> **What needs to be done**
Starting at the top of the entries below, set down every line exactly, please, until you reach the line with "The next location", which is included too.

> **Stored data entries**
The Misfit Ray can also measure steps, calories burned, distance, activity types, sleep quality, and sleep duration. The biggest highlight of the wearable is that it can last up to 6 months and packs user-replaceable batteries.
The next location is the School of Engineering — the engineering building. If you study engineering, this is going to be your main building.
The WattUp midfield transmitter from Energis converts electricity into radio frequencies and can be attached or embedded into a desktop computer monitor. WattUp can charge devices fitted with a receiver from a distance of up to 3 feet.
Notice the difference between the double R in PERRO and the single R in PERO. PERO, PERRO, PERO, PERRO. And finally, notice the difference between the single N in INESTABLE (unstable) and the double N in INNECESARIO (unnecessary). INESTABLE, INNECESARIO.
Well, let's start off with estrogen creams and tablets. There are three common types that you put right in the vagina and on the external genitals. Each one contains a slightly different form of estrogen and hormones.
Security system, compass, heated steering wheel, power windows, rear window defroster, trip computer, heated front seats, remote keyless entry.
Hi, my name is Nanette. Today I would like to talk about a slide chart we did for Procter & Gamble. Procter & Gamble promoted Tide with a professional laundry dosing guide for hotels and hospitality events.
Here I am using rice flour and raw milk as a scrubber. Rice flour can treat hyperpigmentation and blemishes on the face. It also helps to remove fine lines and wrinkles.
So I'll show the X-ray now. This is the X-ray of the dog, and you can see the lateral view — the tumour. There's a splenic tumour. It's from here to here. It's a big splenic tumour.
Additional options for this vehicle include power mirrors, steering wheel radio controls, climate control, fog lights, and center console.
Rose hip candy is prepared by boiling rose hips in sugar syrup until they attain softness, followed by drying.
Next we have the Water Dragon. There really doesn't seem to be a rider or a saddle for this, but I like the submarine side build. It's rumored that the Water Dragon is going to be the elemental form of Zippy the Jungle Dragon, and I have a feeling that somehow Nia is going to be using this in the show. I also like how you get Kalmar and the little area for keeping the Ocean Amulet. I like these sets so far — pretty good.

> **Written response**
The Misfit Ray can also measure steps, calories burned, distance, activity types, sleep quality, and sleep duration. The biggest highlight of the wearable is that it can last up to 6 months and packs user-replaceable batteries.
The next location is the School of Engineering — the engineering building. If you study engineering, this is going to be your main building.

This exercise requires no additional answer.